A k8s native NFS provisioner would require an nfs-server deployment (with a single replica) mounting a PVC backed by a PV provisioned by the default provisioner which is served through a clusterIP service exposing the ports previously mentioned .

The cloud provider based deployment is similar, although the NFS service is an ExternalName pointing to the hosted NFS server. However, in most providers, the cluster network is not within the same subnet as the NFS one, therefore a VPC bridge (with the appropriate networking rules) is required for this setup to properly function.
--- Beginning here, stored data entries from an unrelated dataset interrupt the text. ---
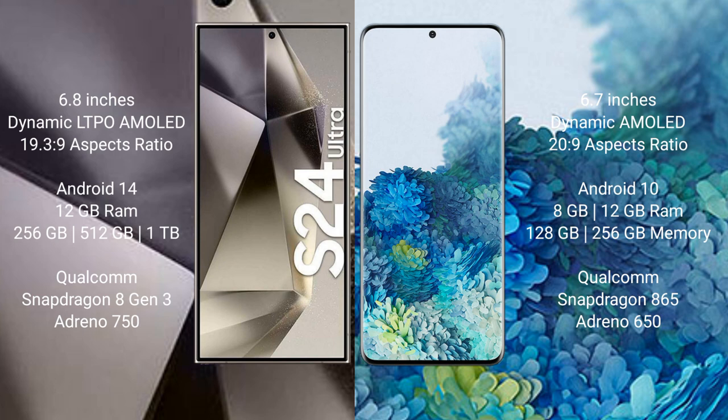Samsung Galaxy S24 Ultra comes with 12GB RAM and 256GB, 512GB, or 1TB internal storage, with a Qualcomm Snapdragon 8 Gen 3 processor and Adreno 750 GPU. Samsung Galaxy S20 Plus comes with 8GB or 12GB RAM and 128GB, 256GB, or 512GB internal storage, with a Qualcomm Snapdragon 865 processor and Adreno 650 GPU.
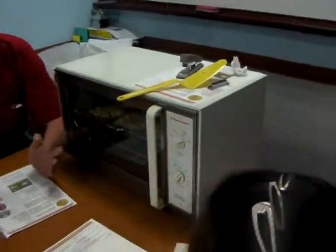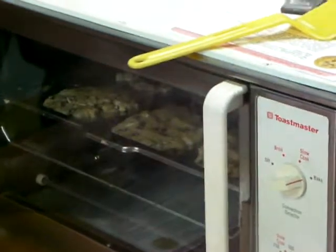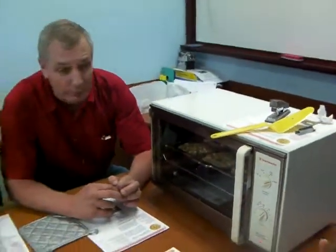They're very easy to make. This is the most popular cookie in the U.S. — the chocolate chip. Everybody likes them, everybody eats them, and they're very easy to make for a fast snack.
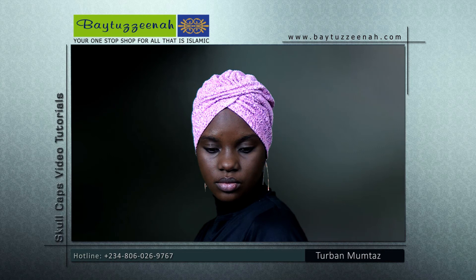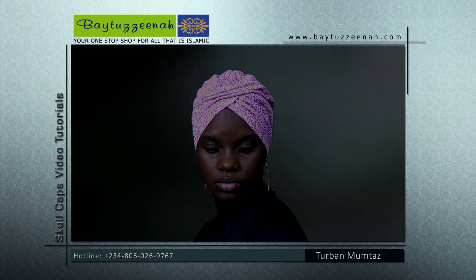It is available in many different colors, all at our Bait Xena stores.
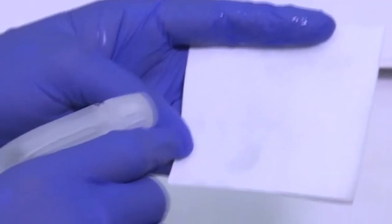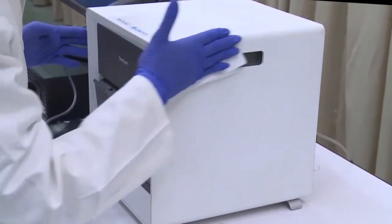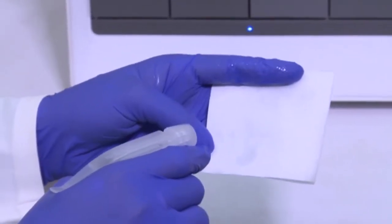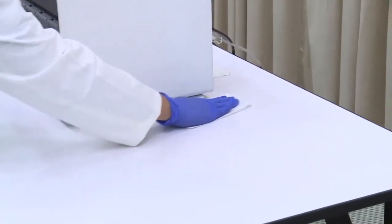First, we will demonstrate the monthly maintenance first procedure of how to clean the instrument surface. Firstly, moisten a lint-free paper towel with 70% ethanol solution. Wipe the instrument surfaces thoroughly with the paper towel. Then take a new lint-free paper towel, moisten it with 70% ethanol solution, and clean the table area around the machine.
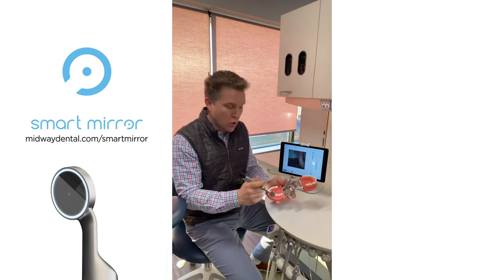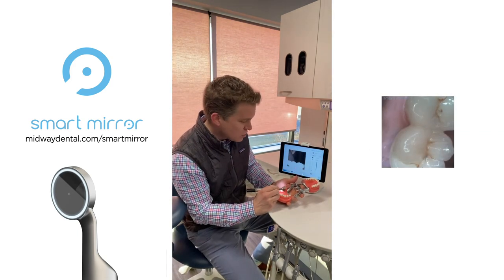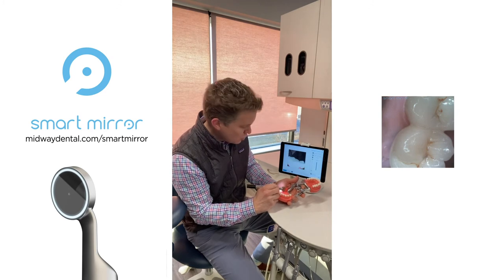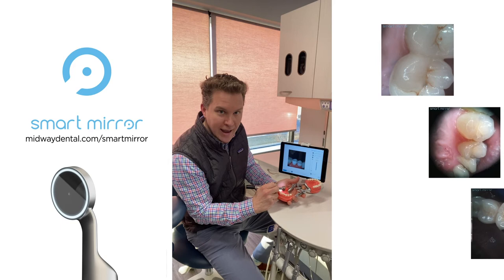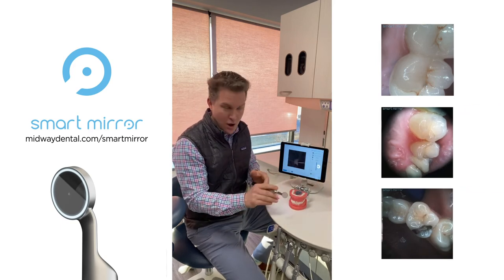From an imaging quality perspective, the image quality is phenomenal. I can get super close to the tooth structure, I can go far away, I can capture still images, and I can create videos.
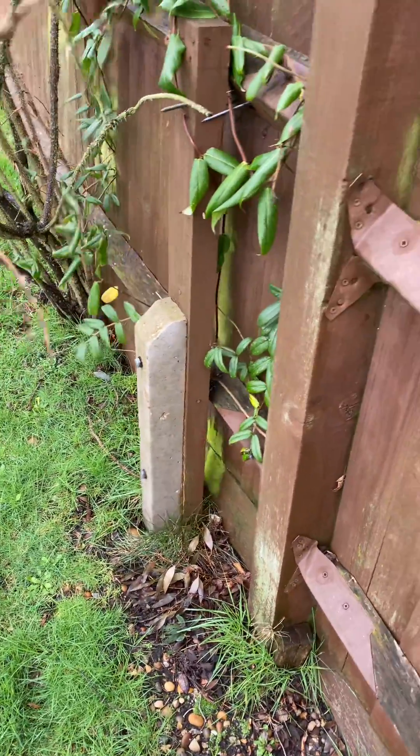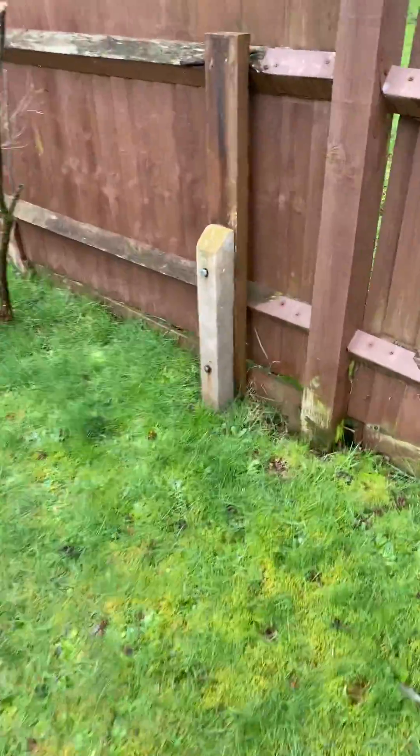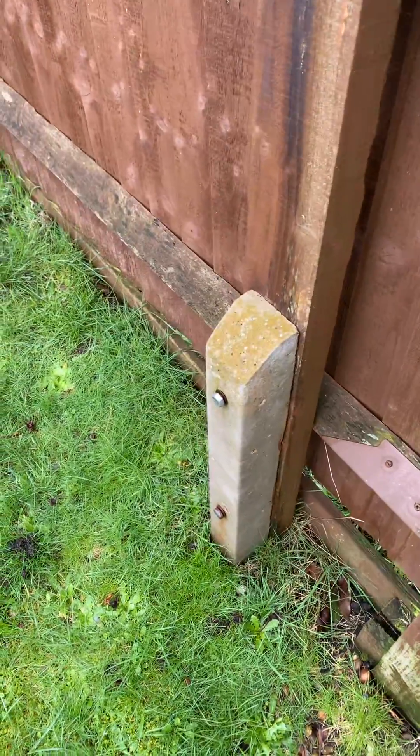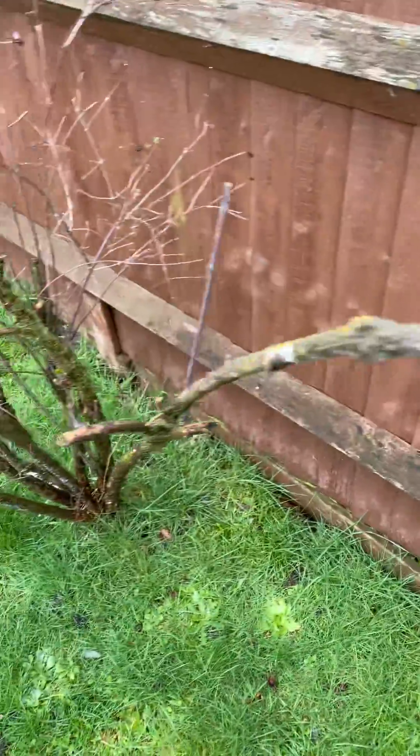A failing repair post - that's not much good. What about this one? Useless. Too small. Okay, so two repair posts should do it.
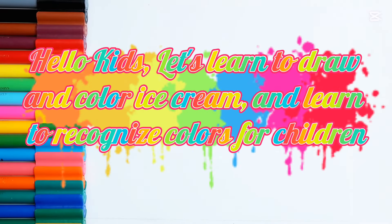Hello, kids. Let's learn to draw and color ice cream and learn to recognize colors for children.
CIFS (Common Internet File System)

This protocol is chattier NFS and is more adapted to mixed client environments (Windows and Unix hosts). Since the cluster is made up of Unix only clients, this option is not chosen.

Ceph Storage Cluster

Ceph is a distributed filesystem which unlike NFS also defines how data is stored and served. Deploying the Ceph Storage cluster requires the following components:

  • Monitors: component that maintains the map of the cluster state.
  • Managers: keeps track of runtime metrics
  • Ceph OSDs: object storage daemons that handle data storage, replication, recovery, re-balancing, etc…
  • MSDs: metadata storage for the filesystem

Due to the complexity of its installation and numerous components, Ceph is usually installed with Rook (an operator meant to simplify storage orchestration in k8s) to create a provisioner for ReadWriteMany volumes. Through the Rook abstraction, an application can then issue a ReadWriteMany volume claim with the appropriate storage class (Block Storage in this case) and the Ceph Storage Cluster would be the provisioner backing said claim.

Despite the scalability and abstraction provided by this architecture, the cache data stored is not critical enough to warrant replication and the overhead cost of this system would overshadow the benefits of the cache. Therefore, cache data storage would be done using NFS.